Don’t Forget about Minority Groups in Allocation of COVID-19 Vaccines in the United States

Natasha Matta
6 min readJan 13, 2021
source: Pan American Health Organization

On Wednesday, November 18, Pfizer and BioNTech announced that they had finished the efficacy portion of clinical trials on COVID-19 vaccines, finding that the vaccines prevented 95% of cases of the disease, and submitted these results to the Food and Drug Administration for approval. COVID-19 has already claimed over 254,000 lives in the United States and 1.34 million worldwide, so a vaccine is necessary to reduce mortality rates and slow the spread of the disease.

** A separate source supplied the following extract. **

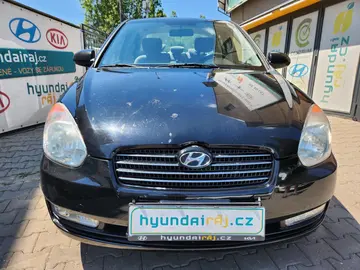 Hyundai Accent, 1.5-CENTRÁL-1.MAJITEL-KLIMA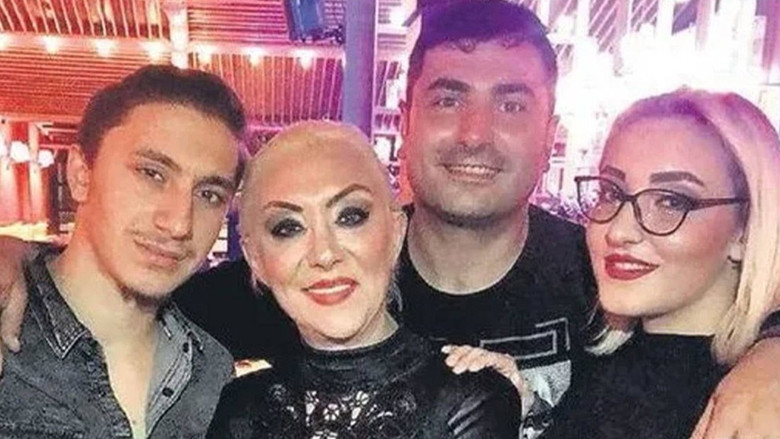 Güllü'nün kızı Tuğyan Ülkem Gülter'den paylaşım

To determine an equitable distribution of COVID-19 vaccinations to the American people, the Advisory Committee on Immunization Practices (ACIP) has set goals to decrease mortality rates and serious disease as much as possible, preserve the functioning of society, reduce additional burden of the disease on people already facing healthcare disparities, and increase the chance of high quality of life and maximize health and well-being. The committee is making its decision with the framework of four ethical principles: maximize benefits and minimize harm, mitigate health inequities, promote justice, treat affected groups, and remove barriers to COVID-19 vaccination, and promote transparency about policies. Although these aims and ethical guidelines sound ideal in theory, these lofty aims of ‘promoting justice’ and removing barriers to healthcare that have plagued minorities and lower-income families for generations are difficult to translate into concrete policy. We need to take steps to ensure marginalized groups who are discriminated against in the American healthcare system time and again are given fair and equal access to COVID-19 vaccinations.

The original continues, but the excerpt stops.